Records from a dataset

========

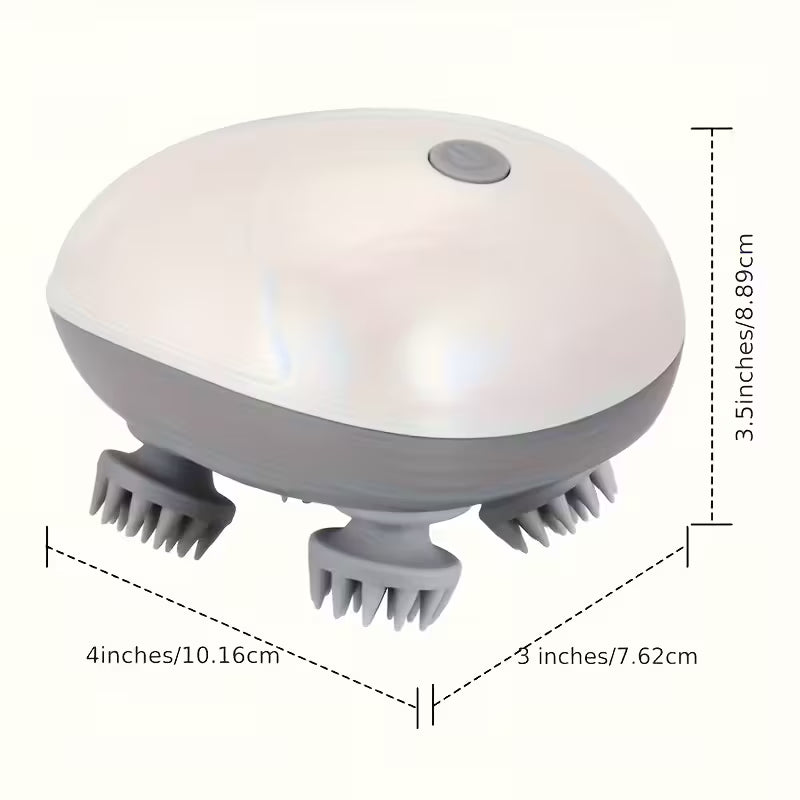 Handheld Pet Massager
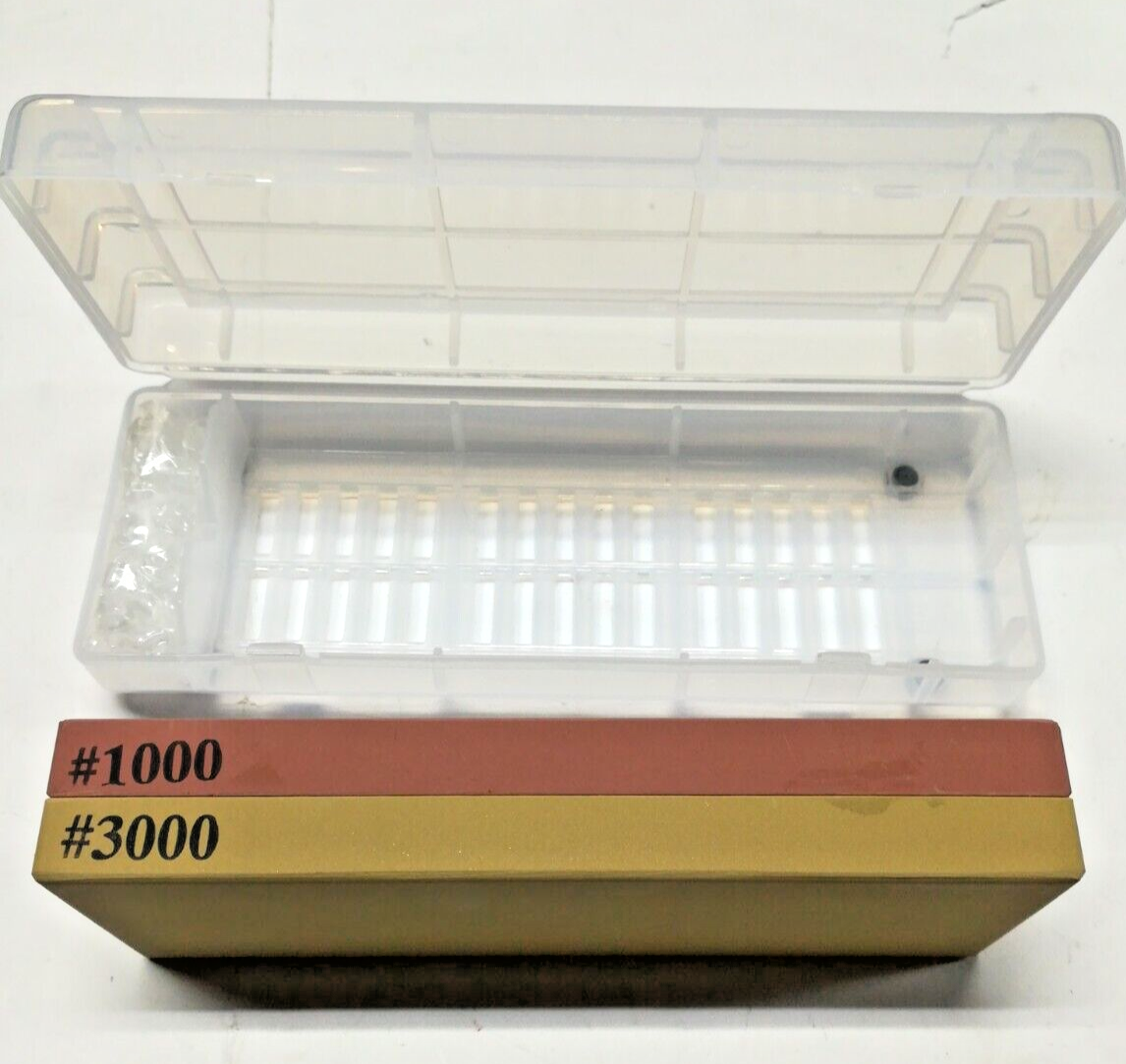 Naniwa Pietra Affilacoltelli 1000/3000 SANELLI AMBROGIO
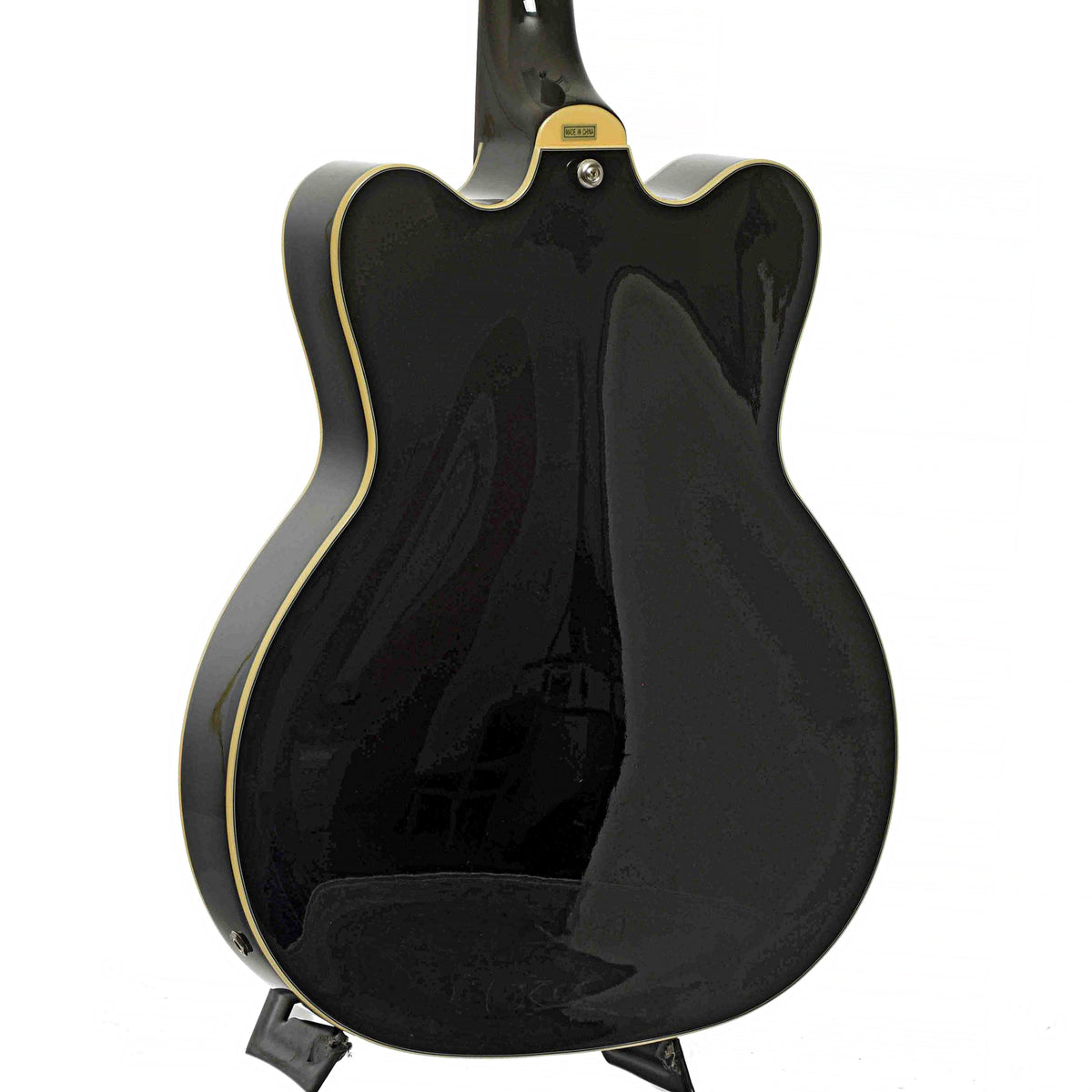 Back and side of K5970 Reissue Jazz Special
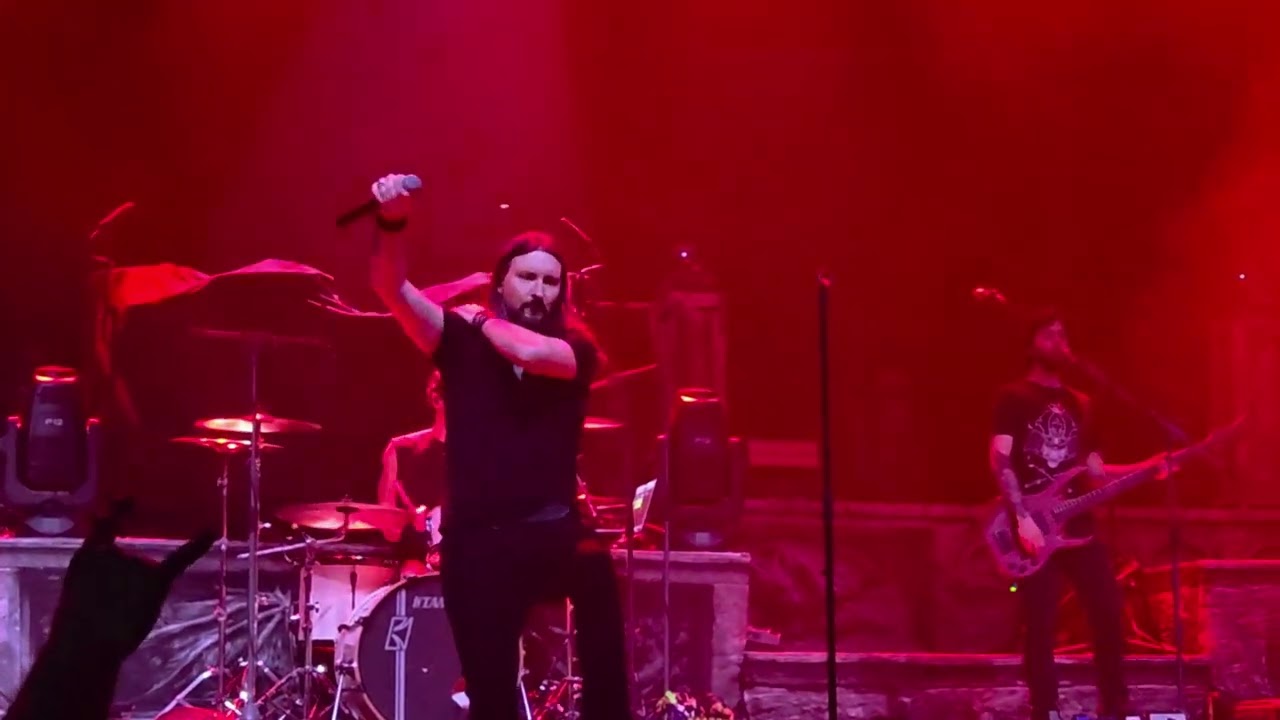 #miracleofsound - Valhalla calling, original live, Schlachthof Wiesbaden 2026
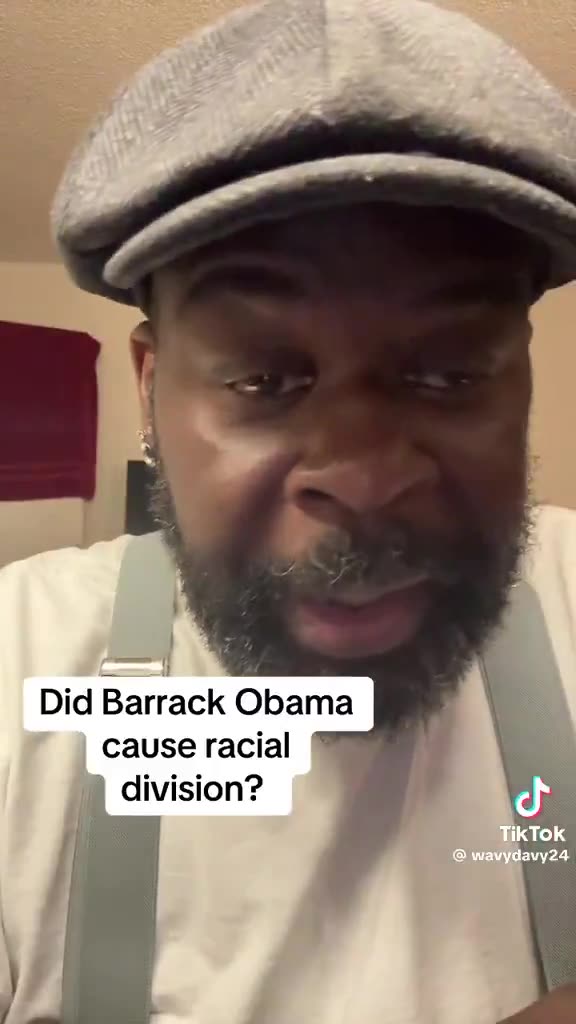 Obama the Divider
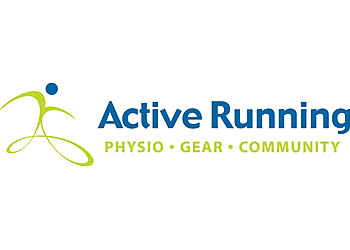 Lisa Després, PT - ACTIVE RUNNING - North Bay, ON Physiothérapie - Clinic Logo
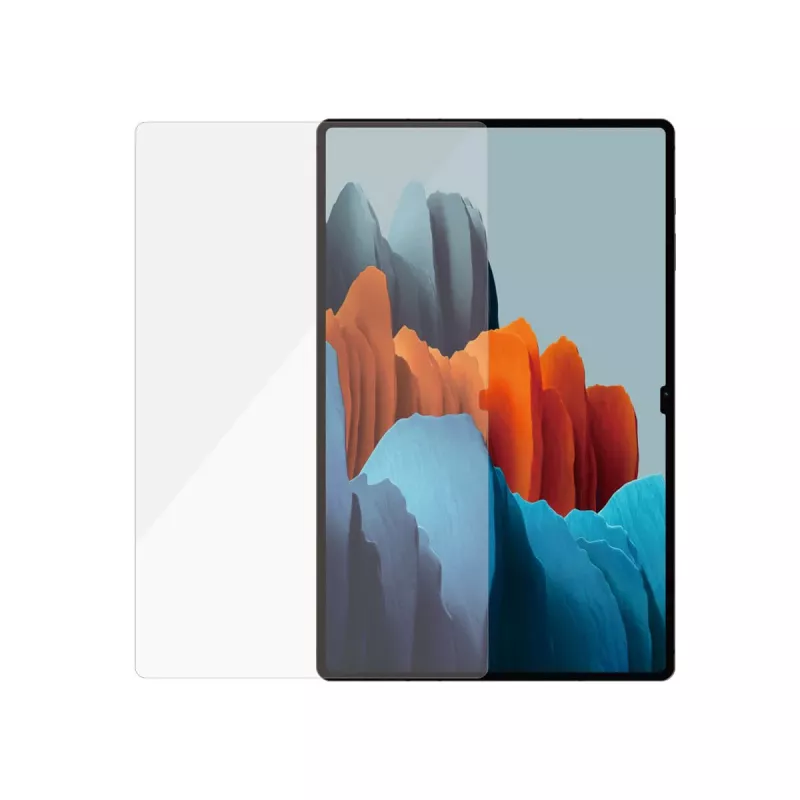 PanzerGlass ® ekraanikaitse Samsung Galaxy Tab S8 Ultra | S9 Ultra | Ülilai sobivus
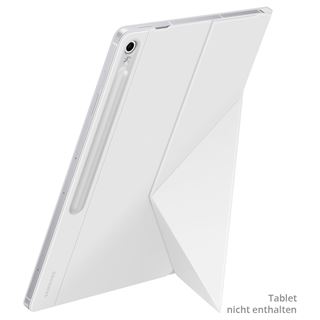 Samsung Smart Book Cover White, f&uuml;r Galaxy Tab S10 FE+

========

WORK ITEM
Transcribe the lines that run from the line bearing "Lisa Després, PT" through the last line of the data. Keep the wording exact and leave out every picture.

ANSWER SPACE
 Lisa Després, PT - ACTIVE RUNNING - North Bay, ON Physiothérapie - Clinic Logo
 PanzerGlass ® ekraanikaitse Samsung Galaxy Tab S8 Ultra | S9 Ultra | Ülilai sobivus
 Samsung Smart Book Cover White, f&uuml;r Galaxy Tab S10 FE+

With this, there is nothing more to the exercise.